Biographie[modifier | modifier le code]

Juriste de formation, et ancienne professeur de droit constitutionnel à l'université de Grozny, Lidia Ioussoupova s'est consacrée depuis le début de la seconde guerre de Tchétchénie à un travail d'enquête sur les graves violations des droits de l'homme commises dans ce territoire.

Elle collecte des témoignages et des preuves visuelles des cas d'enlèvements, d'exécutions ou de tortures, et ce travail a servi de base à plusieurs des plaintes déposées devant la Cour européenne des droits de l'homme contre la Fédération de Russie. Elle est régulièrement menacée de mort, ce dont la FIDH s'est récemment fait l'écho[1].

Au lendemain de la sanglante prise d'otages de Beslan, Lidia Ioussoupova participa le 24 septembre 2004 à une conférence sur les droits de l'homme organisée à Grozny par le Conseil de l'Europe, à l'initiative du Commissaire aux droits de l'homme Alvaro Gil-Robles. Elle y dénonça le « rideau de fumée » dissimulant l'impunité des violences, que constituait à ses yeux l'annonce, lors de cette réunion, de la nomination d'un délégué aux droits de l'homme pour la Tchétchénie, Lema Khassiev[2].

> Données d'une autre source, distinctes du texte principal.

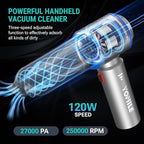 Yomile Mini Vacuum Cleaner, 2 in 1 27000PA Brushless Car Vacuum &250000RPM Air Duster 9000mAh Battery Air Blower Wireless Handheld Vacuum for Car,Office and Home (27Kpa)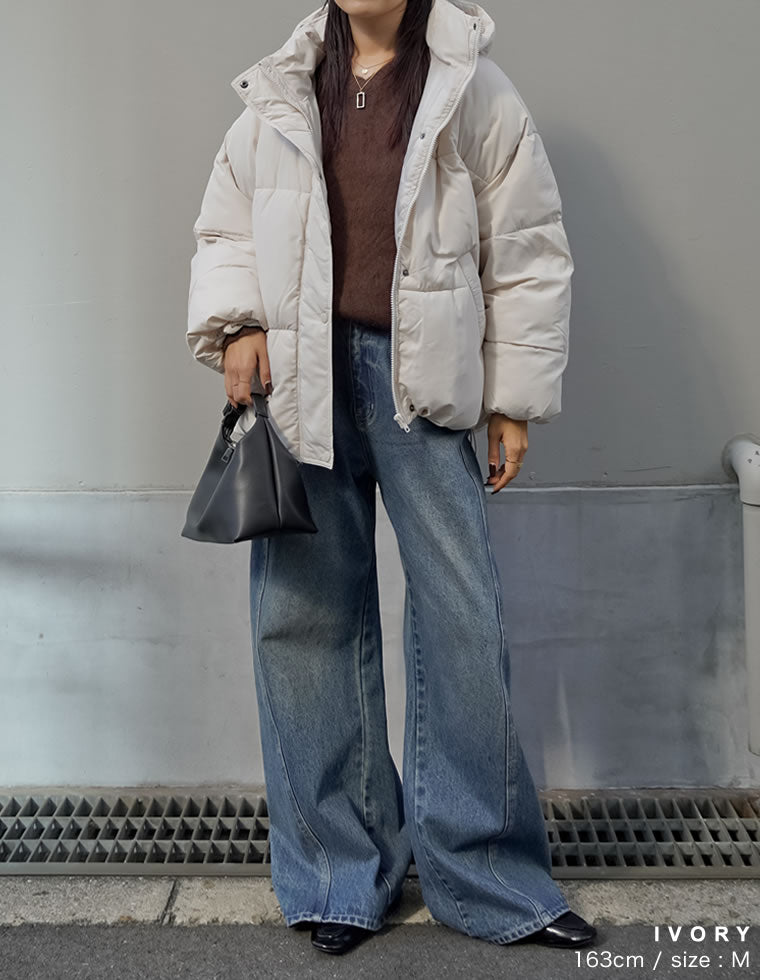 フード付きスタンドカラーフェイクダウン中綿ジャケット - ジャケット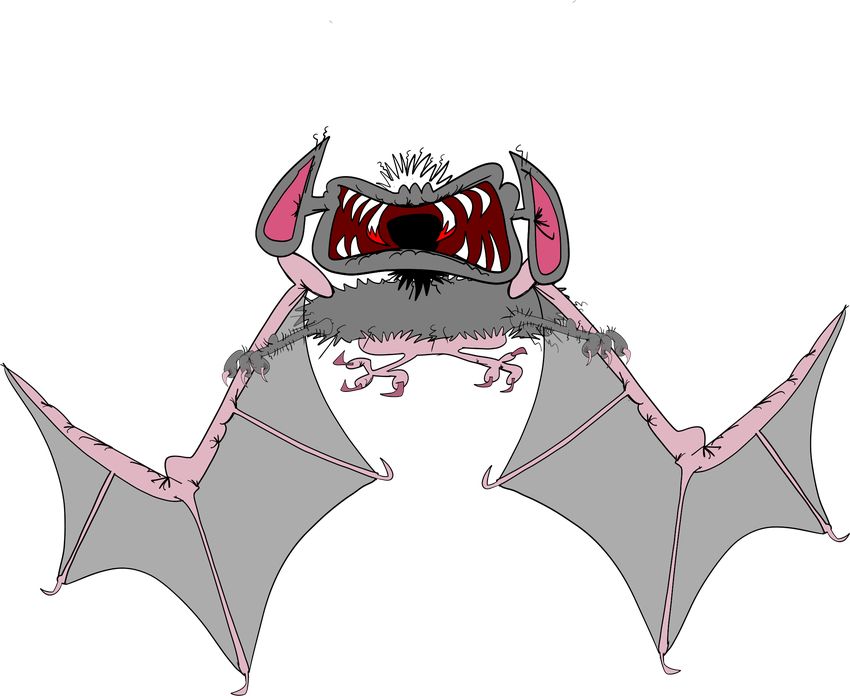 A grey and pink bat with spread wings and a wide fanged mouth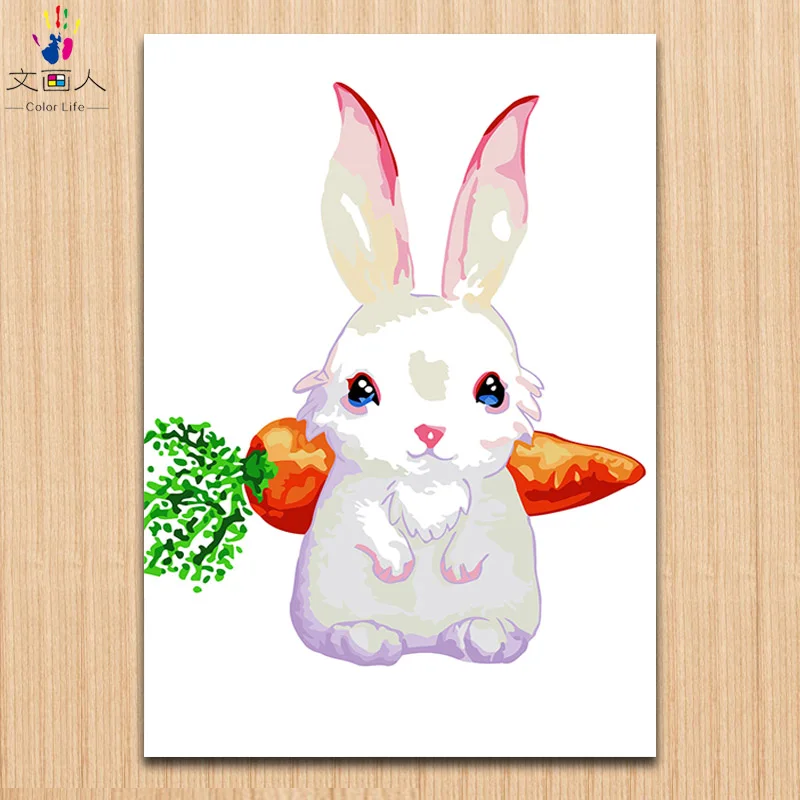 Cut rabbits and carrot painting pictures colorings by numbers with
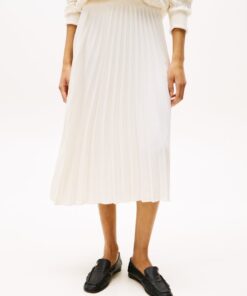 LOGO WAISTBAND PLEATED MIDI SKIRT
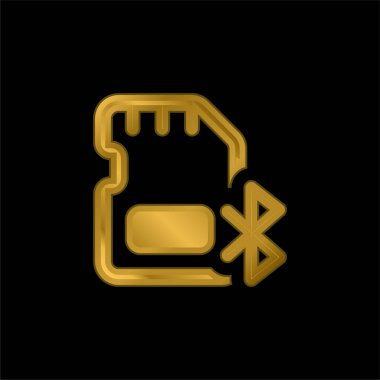 Bluetooth altın kaplama metalik simge veya logo vektörü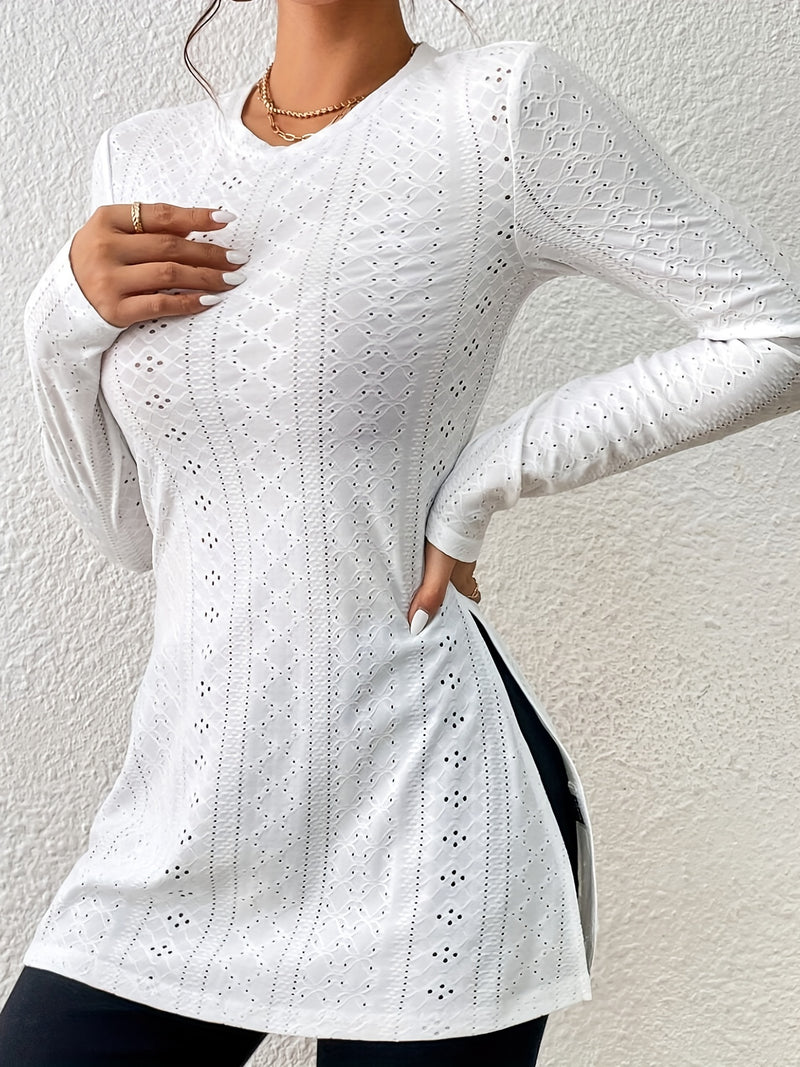 Essential Hollow-Out Elegant Long-Sleeve T-Shirt for Women.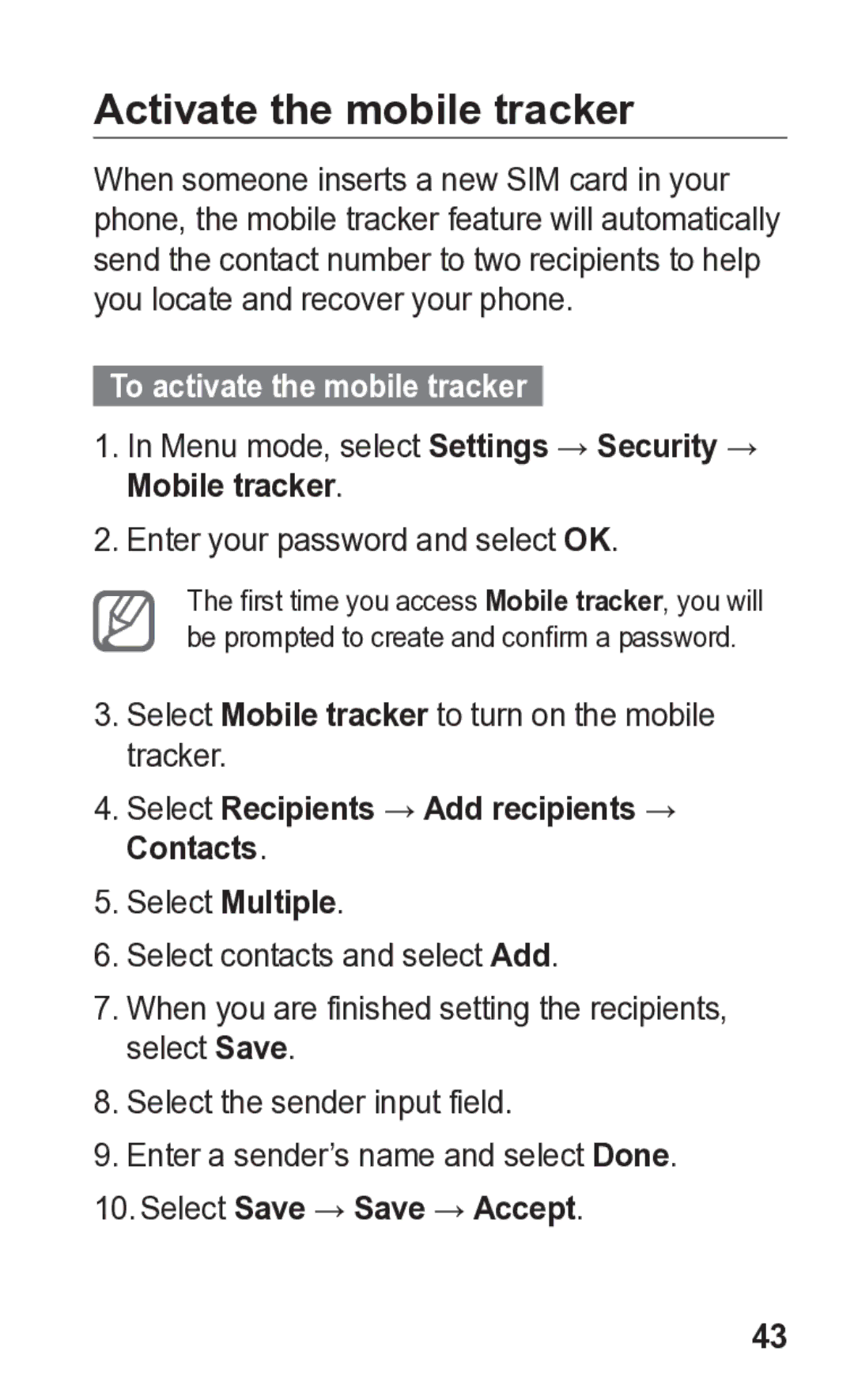 Samsung GT-C3300K manual Activate the mobile tracker, To activate the mobile tracker, Select Save → Save → Accept 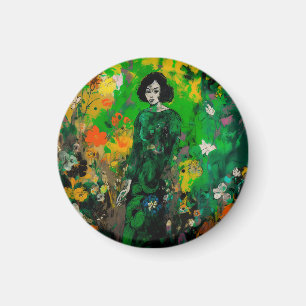 Frau in farbenprächtigem Feld Magnet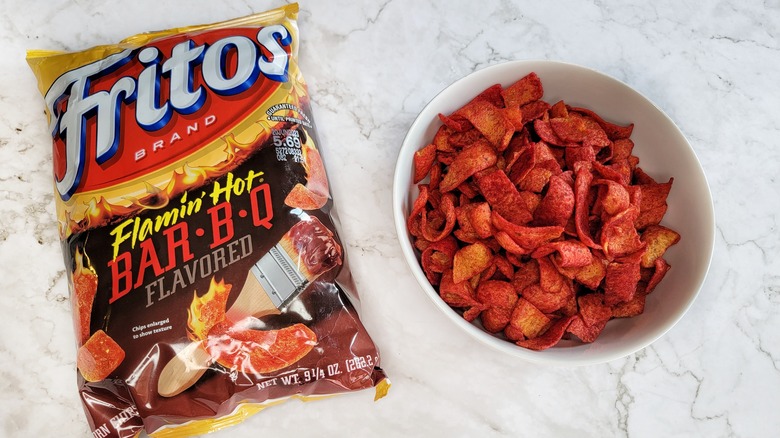 bag and bowl of hot Fritos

Elle s'est vu décerner pour son action le Prix Martin Ennals pour les défenseurs des droits de l’Homme en 2004[3] et le Prix Rafto en 2005. À plusieurs reprises et notamment en 2007, elle a fait partie des favoris pour l'attribution du prix Nobel de la paix.

Notes et références[modifier | modifier le code]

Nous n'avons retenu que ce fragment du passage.